Every case will be different, but in many cases, it can be argued a venue owner/ operator had negligent security and failed to provide a safe and secure environment. An experienced Fort Lauderdale injury or wrongful death lawyer can offer more specifics once learning more of the circumstances in your case.

Recently, victims of a mass shooting at a Jacksonville, FL mall during a competitive video gaming event that resulted in one death (a husband and new father) and 11 injuries before the shooter committed suicide. Personal injury attorneys for at least one of the victims stated their belief the incident as preventable had the site made sure there was adequate security, pointing out “This is not a time in America for bare bones security, or even worse, no security at all.”

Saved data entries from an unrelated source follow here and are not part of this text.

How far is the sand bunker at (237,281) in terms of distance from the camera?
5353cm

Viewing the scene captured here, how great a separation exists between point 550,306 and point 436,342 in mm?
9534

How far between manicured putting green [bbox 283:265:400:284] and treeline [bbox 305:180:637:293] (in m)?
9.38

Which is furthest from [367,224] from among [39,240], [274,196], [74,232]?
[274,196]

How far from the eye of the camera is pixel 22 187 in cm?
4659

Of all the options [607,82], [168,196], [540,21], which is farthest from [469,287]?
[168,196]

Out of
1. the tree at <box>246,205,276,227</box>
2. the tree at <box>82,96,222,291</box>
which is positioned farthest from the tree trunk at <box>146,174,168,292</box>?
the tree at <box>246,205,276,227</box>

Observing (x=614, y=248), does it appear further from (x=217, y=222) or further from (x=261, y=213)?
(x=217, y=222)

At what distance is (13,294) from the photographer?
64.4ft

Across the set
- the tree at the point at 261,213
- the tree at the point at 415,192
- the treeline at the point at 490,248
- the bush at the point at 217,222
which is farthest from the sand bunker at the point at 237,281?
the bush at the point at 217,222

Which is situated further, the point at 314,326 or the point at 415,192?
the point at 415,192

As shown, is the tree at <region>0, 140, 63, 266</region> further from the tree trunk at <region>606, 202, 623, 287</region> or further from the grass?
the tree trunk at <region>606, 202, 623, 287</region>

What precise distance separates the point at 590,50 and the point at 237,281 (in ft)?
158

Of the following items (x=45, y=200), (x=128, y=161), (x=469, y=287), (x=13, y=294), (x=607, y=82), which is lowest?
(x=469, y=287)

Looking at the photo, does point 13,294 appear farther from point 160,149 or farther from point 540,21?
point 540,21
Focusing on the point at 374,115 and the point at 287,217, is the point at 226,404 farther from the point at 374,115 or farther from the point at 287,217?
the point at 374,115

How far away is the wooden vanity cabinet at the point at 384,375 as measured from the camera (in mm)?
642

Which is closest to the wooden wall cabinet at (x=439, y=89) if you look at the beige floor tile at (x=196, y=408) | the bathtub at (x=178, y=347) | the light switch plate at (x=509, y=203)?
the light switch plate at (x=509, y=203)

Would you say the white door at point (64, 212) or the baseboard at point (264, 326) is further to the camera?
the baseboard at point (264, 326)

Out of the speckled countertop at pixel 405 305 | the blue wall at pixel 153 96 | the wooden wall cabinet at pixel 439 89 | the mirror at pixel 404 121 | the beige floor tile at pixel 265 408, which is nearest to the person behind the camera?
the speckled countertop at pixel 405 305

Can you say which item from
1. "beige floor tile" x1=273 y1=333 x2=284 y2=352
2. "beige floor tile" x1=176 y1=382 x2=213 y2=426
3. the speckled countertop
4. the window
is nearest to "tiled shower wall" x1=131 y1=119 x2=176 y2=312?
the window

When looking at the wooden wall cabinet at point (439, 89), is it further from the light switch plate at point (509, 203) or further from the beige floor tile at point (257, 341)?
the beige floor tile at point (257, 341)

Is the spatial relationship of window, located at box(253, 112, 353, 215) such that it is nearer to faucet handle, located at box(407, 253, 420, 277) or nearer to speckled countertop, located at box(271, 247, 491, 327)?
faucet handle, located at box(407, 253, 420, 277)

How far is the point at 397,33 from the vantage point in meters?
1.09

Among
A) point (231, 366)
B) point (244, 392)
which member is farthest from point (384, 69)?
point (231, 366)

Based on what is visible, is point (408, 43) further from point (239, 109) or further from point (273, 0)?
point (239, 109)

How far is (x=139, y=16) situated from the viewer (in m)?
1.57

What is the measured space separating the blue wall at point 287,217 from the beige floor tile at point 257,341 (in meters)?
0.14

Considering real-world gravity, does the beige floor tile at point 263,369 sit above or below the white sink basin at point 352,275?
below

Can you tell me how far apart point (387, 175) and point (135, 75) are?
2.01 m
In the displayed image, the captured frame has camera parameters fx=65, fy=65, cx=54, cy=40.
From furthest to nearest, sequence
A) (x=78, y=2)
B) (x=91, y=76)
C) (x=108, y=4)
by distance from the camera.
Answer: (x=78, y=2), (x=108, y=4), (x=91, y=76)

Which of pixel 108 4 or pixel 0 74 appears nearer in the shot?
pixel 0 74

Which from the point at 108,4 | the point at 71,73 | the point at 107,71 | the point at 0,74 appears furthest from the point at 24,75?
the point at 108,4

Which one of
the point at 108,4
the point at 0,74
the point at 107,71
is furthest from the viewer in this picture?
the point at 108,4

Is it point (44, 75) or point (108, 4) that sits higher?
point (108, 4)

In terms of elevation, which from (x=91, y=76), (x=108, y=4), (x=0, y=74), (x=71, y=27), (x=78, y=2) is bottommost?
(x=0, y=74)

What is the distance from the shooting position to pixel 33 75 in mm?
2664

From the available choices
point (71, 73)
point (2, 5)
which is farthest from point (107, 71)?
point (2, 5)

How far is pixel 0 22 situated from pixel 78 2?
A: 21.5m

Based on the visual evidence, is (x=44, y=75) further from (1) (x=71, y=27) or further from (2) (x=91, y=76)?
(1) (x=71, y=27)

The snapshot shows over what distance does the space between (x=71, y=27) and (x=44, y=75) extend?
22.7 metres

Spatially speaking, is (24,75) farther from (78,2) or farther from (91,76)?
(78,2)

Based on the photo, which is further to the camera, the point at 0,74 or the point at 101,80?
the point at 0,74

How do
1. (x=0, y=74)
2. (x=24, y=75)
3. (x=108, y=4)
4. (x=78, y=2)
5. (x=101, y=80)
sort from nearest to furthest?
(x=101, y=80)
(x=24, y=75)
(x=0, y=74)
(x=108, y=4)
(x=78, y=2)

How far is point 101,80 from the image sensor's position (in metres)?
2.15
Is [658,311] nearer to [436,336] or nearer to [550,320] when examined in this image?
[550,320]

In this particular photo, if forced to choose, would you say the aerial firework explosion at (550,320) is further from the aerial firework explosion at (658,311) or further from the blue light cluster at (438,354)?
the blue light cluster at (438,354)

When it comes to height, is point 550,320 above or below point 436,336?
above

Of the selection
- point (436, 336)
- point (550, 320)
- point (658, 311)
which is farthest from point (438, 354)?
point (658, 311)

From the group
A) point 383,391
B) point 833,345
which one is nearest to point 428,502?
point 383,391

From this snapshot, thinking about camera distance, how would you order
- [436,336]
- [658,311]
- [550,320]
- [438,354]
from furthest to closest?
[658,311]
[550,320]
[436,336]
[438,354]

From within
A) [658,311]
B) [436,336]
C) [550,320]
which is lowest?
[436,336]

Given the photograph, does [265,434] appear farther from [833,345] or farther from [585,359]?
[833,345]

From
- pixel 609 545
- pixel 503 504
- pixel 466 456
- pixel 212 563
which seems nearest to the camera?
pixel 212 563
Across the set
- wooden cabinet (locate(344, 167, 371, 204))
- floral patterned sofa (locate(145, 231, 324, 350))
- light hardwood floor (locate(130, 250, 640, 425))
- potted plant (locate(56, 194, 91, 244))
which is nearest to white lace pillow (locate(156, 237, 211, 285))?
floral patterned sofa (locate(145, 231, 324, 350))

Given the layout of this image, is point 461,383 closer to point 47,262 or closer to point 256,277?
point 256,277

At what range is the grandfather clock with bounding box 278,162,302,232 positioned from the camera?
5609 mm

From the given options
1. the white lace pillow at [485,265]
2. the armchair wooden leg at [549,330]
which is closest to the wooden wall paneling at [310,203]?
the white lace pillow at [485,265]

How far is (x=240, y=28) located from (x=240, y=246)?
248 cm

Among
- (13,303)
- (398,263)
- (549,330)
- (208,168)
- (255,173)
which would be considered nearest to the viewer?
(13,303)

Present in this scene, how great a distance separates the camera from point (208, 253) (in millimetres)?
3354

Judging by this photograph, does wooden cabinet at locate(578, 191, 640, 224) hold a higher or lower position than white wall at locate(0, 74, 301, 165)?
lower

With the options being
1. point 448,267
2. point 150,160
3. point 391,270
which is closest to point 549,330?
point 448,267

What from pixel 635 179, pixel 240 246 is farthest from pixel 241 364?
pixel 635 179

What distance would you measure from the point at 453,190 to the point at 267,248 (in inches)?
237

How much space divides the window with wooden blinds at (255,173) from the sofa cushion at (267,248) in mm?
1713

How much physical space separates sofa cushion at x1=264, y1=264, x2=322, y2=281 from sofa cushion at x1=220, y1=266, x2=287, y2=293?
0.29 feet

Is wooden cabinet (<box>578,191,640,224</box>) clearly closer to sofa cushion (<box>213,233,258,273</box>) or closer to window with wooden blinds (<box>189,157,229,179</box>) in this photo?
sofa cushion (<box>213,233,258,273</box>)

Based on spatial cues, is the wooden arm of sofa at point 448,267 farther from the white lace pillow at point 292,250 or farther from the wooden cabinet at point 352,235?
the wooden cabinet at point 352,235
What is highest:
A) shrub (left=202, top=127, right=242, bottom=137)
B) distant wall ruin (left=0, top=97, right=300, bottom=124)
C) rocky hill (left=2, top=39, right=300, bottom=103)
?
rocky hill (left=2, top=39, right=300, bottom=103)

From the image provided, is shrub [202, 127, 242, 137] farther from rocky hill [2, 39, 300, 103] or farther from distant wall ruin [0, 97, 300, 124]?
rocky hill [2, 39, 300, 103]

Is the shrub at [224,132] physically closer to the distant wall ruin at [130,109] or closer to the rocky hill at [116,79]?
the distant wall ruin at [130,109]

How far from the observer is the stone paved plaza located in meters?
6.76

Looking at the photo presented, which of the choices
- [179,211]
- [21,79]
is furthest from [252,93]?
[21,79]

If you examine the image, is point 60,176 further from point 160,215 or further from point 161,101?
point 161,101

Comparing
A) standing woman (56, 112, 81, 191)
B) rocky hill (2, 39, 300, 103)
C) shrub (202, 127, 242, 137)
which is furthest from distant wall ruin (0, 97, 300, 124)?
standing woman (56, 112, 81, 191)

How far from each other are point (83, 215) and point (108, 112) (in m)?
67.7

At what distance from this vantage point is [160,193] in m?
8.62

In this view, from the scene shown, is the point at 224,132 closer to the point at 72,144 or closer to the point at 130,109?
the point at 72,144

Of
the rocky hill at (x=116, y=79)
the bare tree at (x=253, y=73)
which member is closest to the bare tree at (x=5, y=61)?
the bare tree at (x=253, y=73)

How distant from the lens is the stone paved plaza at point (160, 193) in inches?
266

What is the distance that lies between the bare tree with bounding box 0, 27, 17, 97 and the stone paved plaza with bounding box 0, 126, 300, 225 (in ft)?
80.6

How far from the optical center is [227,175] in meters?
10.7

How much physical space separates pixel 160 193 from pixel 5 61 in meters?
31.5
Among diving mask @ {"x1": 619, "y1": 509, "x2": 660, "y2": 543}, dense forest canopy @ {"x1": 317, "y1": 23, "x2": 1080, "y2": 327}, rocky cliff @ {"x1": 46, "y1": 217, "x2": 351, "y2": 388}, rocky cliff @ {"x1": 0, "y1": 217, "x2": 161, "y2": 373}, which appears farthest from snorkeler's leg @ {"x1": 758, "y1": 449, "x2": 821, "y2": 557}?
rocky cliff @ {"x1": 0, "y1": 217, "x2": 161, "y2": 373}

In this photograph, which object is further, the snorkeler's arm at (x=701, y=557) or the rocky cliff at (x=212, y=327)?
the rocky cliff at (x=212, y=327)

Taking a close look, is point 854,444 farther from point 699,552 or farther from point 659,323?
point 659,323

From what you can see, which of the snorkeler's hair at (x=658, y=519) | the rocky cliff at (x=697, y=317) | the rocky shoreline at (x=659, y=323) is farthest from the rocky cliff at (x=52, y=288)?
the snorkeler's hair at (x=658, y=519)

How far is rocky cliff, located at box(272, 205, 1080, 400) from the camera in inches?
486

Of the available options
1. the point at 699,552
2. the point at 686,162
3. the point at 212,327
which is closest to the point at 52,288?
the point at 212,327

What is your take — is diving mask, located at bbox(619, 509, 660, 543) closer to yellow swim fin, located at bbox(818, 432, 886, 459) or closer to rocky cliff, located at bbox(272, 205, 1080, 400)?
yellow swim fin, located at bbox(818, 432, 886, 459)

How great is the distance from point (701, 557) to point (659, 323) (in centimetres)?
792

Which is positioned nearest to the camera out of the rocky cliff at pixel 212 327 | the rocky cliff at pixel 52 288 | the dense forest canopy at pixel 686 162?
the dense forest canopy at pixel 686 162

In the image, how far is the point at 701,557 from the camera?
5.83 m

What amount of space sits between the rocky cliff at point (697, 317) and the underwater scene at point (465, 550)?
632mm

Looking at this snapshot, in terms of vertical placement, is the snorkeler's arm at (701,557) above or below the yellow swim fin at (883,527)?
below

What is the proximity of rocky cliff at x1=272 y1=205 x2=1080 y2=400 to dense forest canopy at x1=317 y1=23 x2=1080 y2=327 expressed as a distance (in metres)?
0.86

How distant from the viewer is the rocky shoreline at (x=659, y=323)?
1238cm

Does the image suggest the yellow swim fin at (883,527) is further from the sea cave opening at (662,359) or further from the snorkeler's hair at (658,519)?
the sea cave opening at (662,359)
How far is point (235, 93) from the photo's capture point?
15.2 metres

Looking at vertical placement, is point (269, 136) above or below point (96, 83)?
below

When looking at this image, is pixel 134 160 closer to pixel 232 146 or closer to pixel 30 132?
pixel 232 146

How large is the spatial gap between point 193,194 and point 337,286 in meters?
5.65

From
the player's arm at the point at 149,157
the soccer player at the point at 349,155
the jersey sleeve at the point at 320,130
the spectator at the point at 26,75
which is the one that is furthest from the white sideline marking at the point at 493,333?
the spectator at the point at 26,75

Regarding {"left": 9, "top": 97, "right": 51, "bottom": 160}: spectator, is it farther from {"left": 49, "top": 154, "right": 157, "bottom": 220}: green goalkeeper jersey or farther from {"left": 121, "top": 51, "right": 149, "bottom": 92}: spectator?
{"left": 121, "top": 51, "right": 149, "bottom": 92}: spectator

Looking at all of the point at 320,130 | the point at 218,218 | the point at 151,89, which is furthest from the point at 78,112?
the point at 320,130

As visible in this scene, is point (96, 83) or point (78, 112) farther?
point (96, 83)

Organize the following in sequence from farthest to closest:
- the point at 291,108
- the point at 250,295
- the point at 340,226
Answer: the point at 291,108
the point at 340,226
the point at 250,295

It’s already pointed out that the mall itself was the site of numerous incidents of violence the last several years, including several stabbings and shootings that had the potential to be fatal.

Similar cases have been filed in a number of other recent mass shootings. Victims of the Las Vegas mass shooting have filed claims against the hotel where the shooter had a stockpile of firearms he used like a sniper from an upper floor window. (Those victims are also selling the manufacturer of the bump stocks used.) Lawsuits have also been filed by victims of the Pulse nightclub shooting in Orlando allege the owners of the club were negligent in providing adequate security that night. For instance, the off-duty police officer working the front door left his post to find an individual who tried to enter the club with a phony ID. Had he remained at the front, victims say, he was likely to have been discovered with a basic superficial search.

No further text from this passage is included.